Throwback of the Day: where I post some old random picture from the past and share a story about it.
My college friend, Carol M. and me, just before I moved to Colorado, about 21 years, ago. This photo was taken in her apartment in Kearney, NE, days before I hit the road towards the Rocky Mountains.
When I first met Carol, I did not like her one bit. We shared an economics class, together, with a mutual friend (whose name has slipped my memory). Carol was the person, in class, who always asked the 10-minute questions, right at 5-minutes before the end of class. Ugh. That class was boring enough without 5 extra minutes tacked on!
One day out mutual friend told me that she had someone that she wanted me to meet and I grumbled when she introduced me, formally, to Carol. But, after talking to her for a bit and getting to know her, outside of class, we became fast friends.
We had very little in common, save for the fact that we were both trying to further our education, we were in a similar degree program (Business: Me-Business & Marketing, Her-Business Accounting) and took many of the same courses, we had children the same age, we liked the same kind of music, and we were both single. We had one other thing in common, but that’s a story for another day. We would eventually serve on the Student Life Counsel together, for a couple of years. She was one of my closest BFFs, at the time.
At some point, later, we had a major falling out…over a man. No, I didn’t steal her man and she didn’t steal mine. But, the men we were dating at the time, were also BFFs. My man, Daniel, told me in confidence, that his friend was a complete douchebag and was up to no good, but told me not to tell her (because, a) she probably wouldn’t believe me, b) her man would know that it was my man that had brought it it, and c) what if things worked out, despite his douchebaggery?). So, I kept that little nugget to myself. Besides, she was happy and I wasn’t going to be the one who wrecked it for her.
What broke up the friendship, temporarily, was the fact that I broke my man’s confidence, to her, when she announced, just before we were set to graduate, that she was moving away with her man. I could not, in good conscience let her go away with this guy, without saying something. She was my best friend, after all. She did not take the news well and shortly, thereafter, we went our separate ways.
Several months later, a mutual friend and BFF, Bobbie told me that she had run into Carol while out and about and she had asked about me. Eventually, Carol and I got back in touch and agreed to meet for lunch where she broke down and told me that her man did, indeed, turn out to be a royal douchebag. She apologized for not believing me and I apologized for breaking the news the way that I had (I may have had a mini-rage attack when she made her announcement about moving in with the guy).
Not too long after that, I decided that it was time to move away from Nebraska, where I had lived for more than a decade. Her home was on the way out, so I went and stayed with her for a couple of weeks, until my uncle, whom I was moving in with, came from Colorado to transport me to my new home.
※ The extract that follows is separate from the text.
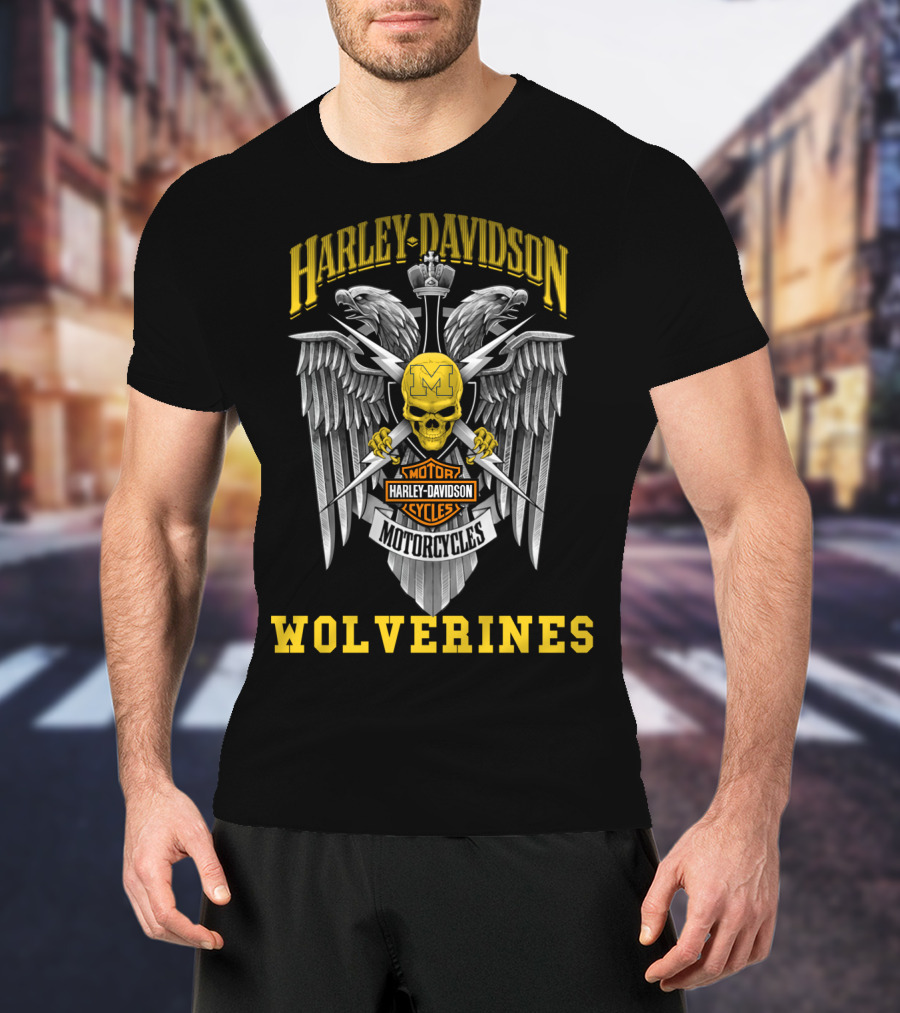Harley Davidson Motorcycles Michigan Wolverines T-Shirt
I would visit Carol in Kearney, one more time after this photo was taken. Then, I would see her three more times, when she would visit me in Colorado (twice when I was pregnant with each of my two youngest kids). Shortly after my daughter was born was the last time that I ever heard from her. I received a Christmas card with a photo of her and her daughter and later, someone called me as a reference for her to get security clearance for her new job. After that, I lost complete contact with her.
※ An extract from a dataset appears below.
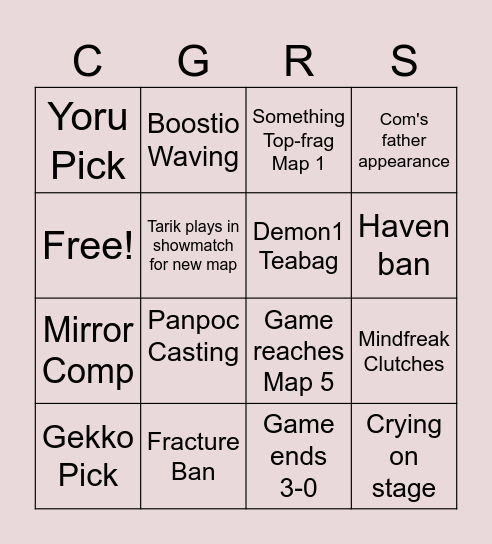 GrandFinals Bingo Card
You would think that in the age of Facebook that you could find absolutely anyone that you wanted. But, Carol is sort of another story. I have found her mother and her daughter on FB, but I cannot find her. I was never really close with her daughter and I barely knew her parents, so it feels awkward thinking about reaching out to virtual strangers asking how to reach her; if she’s even reachable. Every time I consider messaging one of them, I get this incredible knot in my stomach and change my mind (I have stalked their FB pages though, and maybe, downloaded a recent photo or two for posterity). Part of me is afraid that maybe her absence is bad news, and I would rather not drag up bad news from people who don’t really know me.
Trying to find Carol, herself has been daunting. I have done hours and hours of searches for her, on FB (I found her family members, but she is not connected to them) and Google, including image searches. You don’t appreciate how very un-unique our names are until you plug in someone’s name and realize that there are, literally, hundreds of people with the exact same first and last and even first, middle, and last names. Finding Carol has been like trying to find a needle in a haystack.
So much has happened in my life since this photo was taken and I miss sharing that with her. I just hope that she’s out there, somewhere and she’s happy.